Market place in Accra, Ghana

Makola Market is a market place and shopping district in the center of the city of Accra, the capital of Ghana. A wide array of products is sold in the markets and its surrounding streets, from car parts to land snails. Dominated by women traders, the market sells fresh produce, manufactured and imported foods, clothes, shoes, tools, medicines, and pots and pans. Jewellery made from locally handcrafted beads can also be found for sale in the market. About 25% of the 70% market women are employed in Makola Market. All type of school materials such as uniforms, pens books and stationery can also be bought there.

==Historical background==
 Makola Market was constructed in Accra in 1924 and stood at the heart of the urban Ghanaian life. The market was the main wholesale and retail marketplace in Accra, the epicenter of trade in the country and one of the nation's most important social and cultural institutions.

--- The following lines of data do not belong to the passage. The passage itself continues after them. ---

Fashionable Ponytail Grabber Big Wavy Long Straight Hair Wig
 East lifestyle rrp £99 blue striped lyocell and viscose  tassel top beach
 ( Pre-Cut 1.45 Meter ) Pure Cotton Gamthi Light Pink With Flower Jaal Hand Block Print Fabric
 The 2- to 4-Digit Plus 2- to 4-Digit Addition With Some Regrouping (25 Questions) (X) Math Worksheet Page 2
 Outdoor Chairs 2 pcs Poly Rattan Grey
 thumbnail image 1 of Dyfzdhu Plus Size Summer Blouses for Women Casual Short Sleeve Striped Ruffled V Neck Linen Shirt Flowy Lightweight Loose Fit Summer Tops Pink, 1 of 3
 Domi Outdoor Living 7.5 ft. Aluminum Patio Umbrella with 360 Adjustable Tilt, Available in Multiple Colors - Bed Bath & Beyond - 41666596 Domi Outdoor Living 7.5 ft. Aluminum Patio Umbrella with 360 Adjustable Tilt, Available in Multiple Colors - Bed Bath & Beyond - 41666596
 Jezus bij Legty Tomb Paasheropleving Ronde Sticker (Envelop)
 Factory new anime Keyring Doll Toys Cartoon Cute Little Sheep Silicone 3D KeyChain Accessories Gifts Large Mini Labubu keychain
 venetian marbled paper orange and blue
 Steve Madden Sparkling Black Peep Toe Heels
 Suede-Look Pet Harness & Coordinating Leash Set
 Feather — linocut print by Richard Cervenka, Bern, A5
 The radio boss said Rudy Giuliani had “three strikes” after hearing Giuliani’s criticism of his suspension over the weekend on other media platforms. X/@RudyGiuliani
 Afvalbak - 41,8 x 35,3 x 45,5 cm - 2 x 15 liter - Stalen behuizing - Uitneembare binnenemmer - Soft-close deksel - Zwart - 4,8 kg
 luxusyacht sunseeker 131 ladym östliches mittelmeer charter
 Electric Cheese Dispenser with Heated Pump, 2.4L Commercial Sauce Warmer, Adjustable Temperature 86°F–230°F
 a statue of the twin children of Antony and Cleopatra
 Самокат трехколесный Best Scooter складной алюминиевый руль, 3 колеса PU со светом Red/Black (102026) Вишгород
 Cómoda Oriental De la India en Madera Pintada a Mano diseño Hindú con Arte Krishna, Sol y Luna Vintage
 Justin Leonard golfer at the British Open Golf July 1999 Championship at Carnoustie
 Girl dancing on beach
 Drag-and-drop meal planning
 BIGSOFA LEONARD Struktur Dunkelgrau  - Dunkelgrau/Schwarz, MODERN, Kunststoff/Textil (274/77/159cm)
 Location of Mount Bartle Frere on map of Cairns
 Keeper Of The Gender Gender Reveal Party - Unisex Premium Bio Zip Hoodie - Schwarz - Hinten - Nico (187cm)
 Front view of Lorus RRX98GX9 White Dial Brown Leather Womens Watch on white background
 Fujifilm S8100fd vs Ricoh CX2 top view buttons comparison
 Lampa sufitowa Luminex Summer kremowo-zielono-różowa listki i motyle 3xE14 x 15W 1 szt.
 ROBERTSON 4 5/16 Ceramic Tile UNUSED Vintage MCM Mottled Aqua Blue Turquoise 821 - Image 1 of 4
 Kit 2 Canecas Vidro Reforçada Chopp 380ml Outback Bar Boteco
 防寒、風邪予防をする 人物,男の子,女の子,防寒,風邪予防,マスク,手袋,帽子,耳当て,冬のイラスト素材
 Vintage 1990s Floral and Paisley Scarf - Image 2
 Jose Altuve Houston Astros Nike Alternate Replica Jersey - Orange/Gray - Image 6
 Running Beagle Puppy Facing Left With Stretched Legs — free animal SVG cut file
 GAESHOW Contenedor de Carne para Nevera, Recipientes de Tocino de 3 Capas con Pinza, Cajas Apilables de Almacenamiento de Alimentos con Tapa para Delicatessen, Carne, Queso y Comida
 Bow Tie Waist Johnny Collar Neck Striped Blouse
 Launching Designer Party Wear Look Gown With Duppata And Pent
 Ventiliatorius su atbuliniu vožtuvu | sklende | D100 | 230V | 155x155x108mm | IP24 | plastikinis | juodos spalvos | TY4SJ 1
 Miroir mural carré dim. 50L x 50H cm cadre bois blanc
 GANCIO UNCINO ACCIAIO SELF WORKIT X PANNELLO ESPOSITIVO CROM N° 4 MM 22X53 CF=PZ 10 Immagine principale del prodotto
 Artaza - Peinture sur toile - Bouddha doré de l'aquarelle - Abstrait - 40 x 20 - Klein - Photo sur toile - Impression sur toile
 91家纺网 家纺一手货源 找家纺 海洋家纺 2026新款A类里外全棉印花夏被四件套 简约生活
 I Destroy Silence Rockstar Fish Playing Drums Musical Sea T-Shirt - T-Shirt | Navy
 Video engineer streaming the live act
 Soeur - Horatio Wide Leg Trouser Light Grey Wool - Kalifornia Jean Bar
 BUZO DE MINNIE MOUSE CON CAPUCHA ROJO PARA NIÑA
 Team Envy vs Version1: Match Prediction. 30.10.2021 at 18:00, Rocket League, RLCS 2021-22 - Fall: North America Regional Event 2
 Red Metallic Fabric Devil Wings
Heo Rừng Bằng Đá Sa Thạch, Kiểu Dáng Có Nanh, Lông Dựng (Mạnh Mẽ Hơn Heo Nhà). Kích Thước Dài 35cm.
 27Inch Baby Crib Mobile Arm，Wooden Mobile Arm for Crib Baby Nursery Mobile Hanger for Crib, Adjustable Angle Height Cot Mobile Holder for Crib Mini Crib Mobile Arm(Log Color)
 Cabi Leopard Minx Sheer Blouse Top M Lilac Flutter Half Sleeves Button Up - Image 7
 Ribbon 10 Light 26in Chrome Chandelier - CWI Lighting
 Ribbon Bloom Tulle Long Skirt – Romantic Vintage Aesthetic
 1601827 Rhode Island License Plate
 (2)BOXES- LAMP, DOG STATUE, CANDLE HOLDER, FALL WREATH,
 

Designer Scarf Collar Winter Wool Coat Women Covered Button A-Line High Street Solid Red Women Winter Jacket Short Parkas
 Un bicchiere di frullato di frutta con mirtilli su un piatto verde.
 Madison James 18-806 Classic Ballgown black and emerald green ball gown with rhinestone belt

On 18 August 1979, 55 years after its creation, Makola Market was destroyed. The Rawlings government that agreed on the demolition of the centre of trade in Ghana thought that devastating Makola would improve the economy. Indeed, there were accusations that various products considered banned in Ghana were being sold in the Makola Market. In this way, the market women were accused of Ghana's economic problems.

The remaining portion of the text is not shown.